At that point, we didn’t know much about Biden’s speech disorder — he’d become an expert at hiding it, working around his stutter with word substitutions, and maneuvering strategically out of difficult moments. But Hendrickson saw through the maneuvers, noticed the thoughtful pauses that were really the “blocks” characteristic of stuttering. He identified the coping mechanisms because he’d used similar ones his entire life. In January 2023, four years after writing an acclaimed, vibrantly human story on the potential president-elect’s lingering stutter, Hendrickson published a book detailing his own experience with the disorder.
“Life on Delay: Making Peace with a Stutter” is a slim, modest-looking book, a soothing shade of green, its cover more blank space than words. It happened to be facing out on a shelf I was walking by. I was startled by a quote on the first page, sourced from Stoic philosopher Marcus Aurelius’ “Meditations.” Even then, before any doctor had named the thing that was keeping my voice from functioning normally, I felt like this book was speaking to me:
Days after reaching the last page, I would be diagnosed with my own speech disorder — a different one, but similarly strange, and resistant to treatment. With a condition like that, one that does not pass, it is necessary to believe this: what stands in the way becomes the way. What you have been made to feel is “wrong” with you is, plainly, a part of you, and you must honor it as your reality; forgive yourself for it (I’ve finally begun that process, thanks to some good doctors, my friends, and a little green book).
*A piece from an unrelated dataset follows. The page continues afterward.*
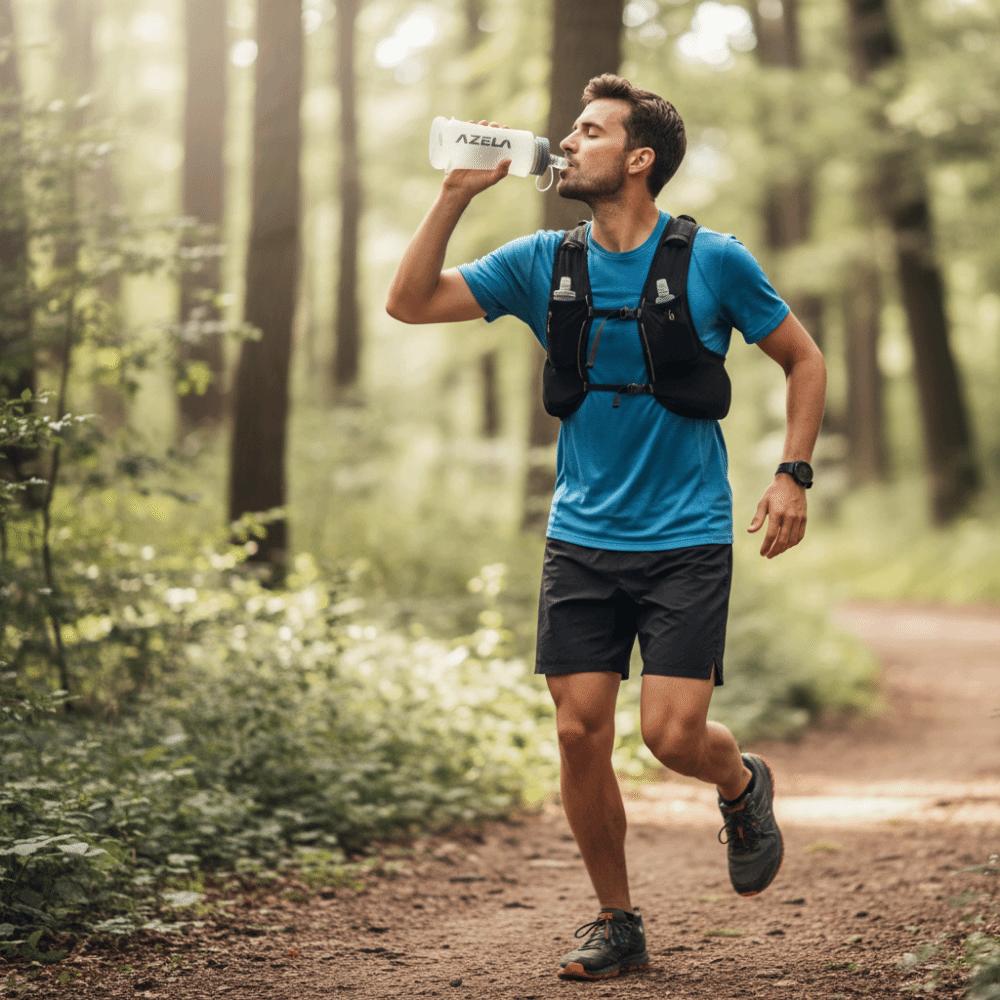 Lightweight Folding Sport Water Bottle 250/500ml Running Water Cup Soft Water Bag Outdoors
Hendrickson begins his book with the Biden story. We are introduced to our narrator as the self-actualized stutterer, someone who sidesteps his problem deftly enough to have reached undeniable, professional success. But Hendrickson shatters any assumption of an easy path, taking us into a fraught adolescence shaped by his struggles with speech. He describes the dreadful visits to therapists hired by his parents to cure him, the terror of being asked to introduce himself on the first day of school (stutterers have the hardest time saying their own names, he says), and the abuse inflicted by a rageful older brother who thought a stutter was something you could bully out of someone.
He describes the Look: pity, bewilderment, impatience, panic (sometimes, anger). The raised brows, narrowed eyes. A sudden tension, or cringing in the listener’s face (a teacher, a coworker, the waiter taking your order, a customer who just asked you a question), when they register the strangeness of your speech, the unpredictability of the impending interaction, the friction.
My own voice can prompt a certain look. Spasmodic dysphonia causes random breaks in the voice, like a radio that can’t quite find its signal, cutting in and out. To the average listener, spasmodic dysphonia can sound like extreme anxiety, or a bad cold (It’s no wonder why my speech often invites a well-meaning question about my health or a sympathetic look in the eyes). Thankfully, there are other modes of communication.
Hendrickson got his first writing job at The Denver Post after an editor read some samples and decided he liked Hendrickson’s voice — his writing voice, which had become clear and discerning after four years in the English program and student newsroom at Penn State University. As a new music reporter at the Post, he stuttered through the phone calls and interviews, surviving on his love for stories and songs. Hendrickson generously takes us through his formative reporting experiences, creating a compelling narrative about his life in journalism. Indeed, his journalistic sensibilities shine in his writing of “Life on Delay” as he builds the story with fascinating, emotionally rich interviews, the sources ranging from experts on stuttering, to ex-girlfriends, to the sitting president of the United States, to the older brother that made his childhood an unrelenting hell.
There is one interview that left me stunned: a conversation between Hendrickson and an artist who goes by JJJJJerome Ellis (the spelling a tribute to his stutter, and an accurate transcription of how it sounds when he says his own name). Ellis’ stutter involves long, painful blocks, during which his chest tightens and breath falters. While these periods of disfluency can make speaking an embarrassing, excruciating process, Ellis has developed a kind of spiritual relationship with those moments:
“‘I kind of leave my body, and then I only come back once the block is over,’ he said. ‘It’s as if my mouth is the front door, and I leave through the back somewhere… in the space of the block, there is, for me, an exceptionally profound freedom that arises.'”
When I open my mouth to speak, I’m never quite sure what will come out. The moment between the breath and the phrase is like peering over the edge of a cliff — there is a feeling of danger, and the urge to retreat to safety. But what if that empty space is trying to tell me something? What if what stands in the way, is the way? Hendrickson asks us to consider the freedom in friction; the transformative power of the block; the meaning and musicality created by a life on delay.